Nils Erik Wahlberg (10 August 1885 – 20 January 1977) was a Finnish-American engineer and automotive pioneer who served as vice president of engineering at Nash Motors for over three decades.

His career included numerous technical and design innovations that distinguished Nash vehicles in the American market.

==Life==

Wahlberg was born in Johannes, Finland (now in Russian territory), of Finland-Swedish parents. In the middle of his technical studies in the Polytechnic School of Helsinki (now Helsinki University of Technology), he had to flee from the Russification of Finland and being drafted into the Russian Imperial Army. He completed his engineering degree in 1907 at the Ecole Polytechique in Zurich (now ETH Zurich - Federal Institute of Technology Zurich) in Switzerland.

Wahlberg emigrated to the United States in 1909. He settled near Detroit, and his first employer was Maxwell-Briscoe as a draftsman and designer. He moved to Packard and in 1913 to Oakland Motor Car Company (a division of General Motors) as the head of engineering.

In June 1918, Wahlberg received a commission as a major in the United States Army Quartermaster Corps and went overseas during World War I. He was promoted to chief engineer at Oakland and began an association with General Motors' president, Charles W. Nash.

Nash resigned from the presidency of General Motors to start his enterprise, Nash Motors, in Kenosha, Wisconsin, in 1916. In August, Wahlberg followed Nash to the new company. Wahlberg became head Nash's engineering activities.

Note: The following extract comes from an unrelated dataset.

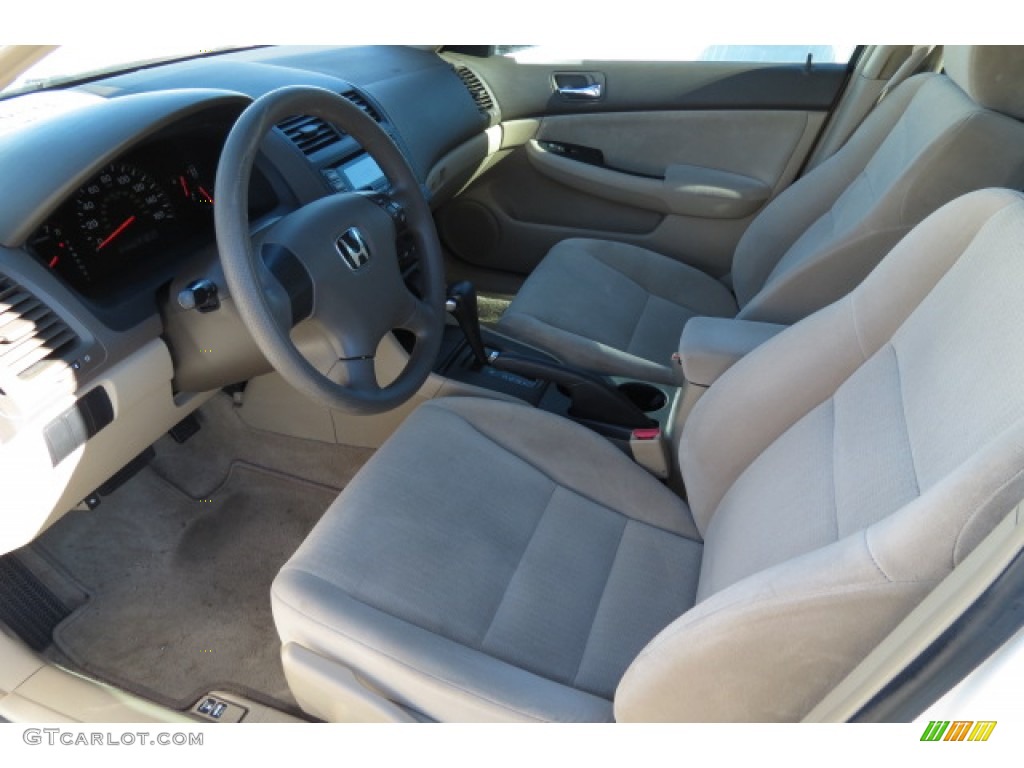 2003 Accord LX Sedan - Taffeta White / Ivory photo #4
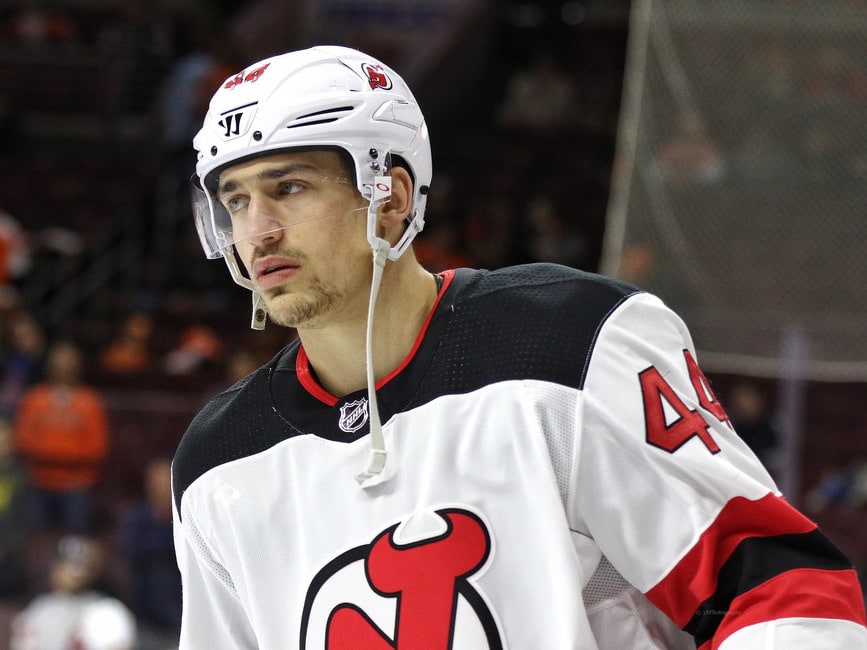 Game Preview #44: New Jersey Devils at San Jose Sharks - All About The  Jersey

The first cars developed under Nash's leadership were the 1918 Nash 680 series. They were aimed at the middle of the market and incorporated Wahlberg's innovations that included flow-through ventilation to keep the air fresh inside and advanced overhead (valve-in-head) straight six-cylinder engines. The new cars were characterized as "simplicity of design" and they earned rave reviews.

When Nash formed Nash-Kelvinator in 1937, moving the corporate headquarters to Detroit, Wahlberg remained at the company's main automobile factory in Kenosha, commuting from his home in Chicago. The innovations incorporated in the prewar Nash cars included "out-of-the-box thinking that defined Kenosha's later offerings".

Nash-Kelvinator produced helicopters and aircraft engines during World War II, and Wahlberg had access to a wind tunnel. His work convinced him of the benefits of aerodynamic designs that were introduced in two new postwar Nash models in 1949. They represented "the first all-out attempts at streamlining since the Chrysler Airflow debacle fifteen years earlier."

Wahlberg retired from Nash in 1952 and moved to Washington, DC in 1957.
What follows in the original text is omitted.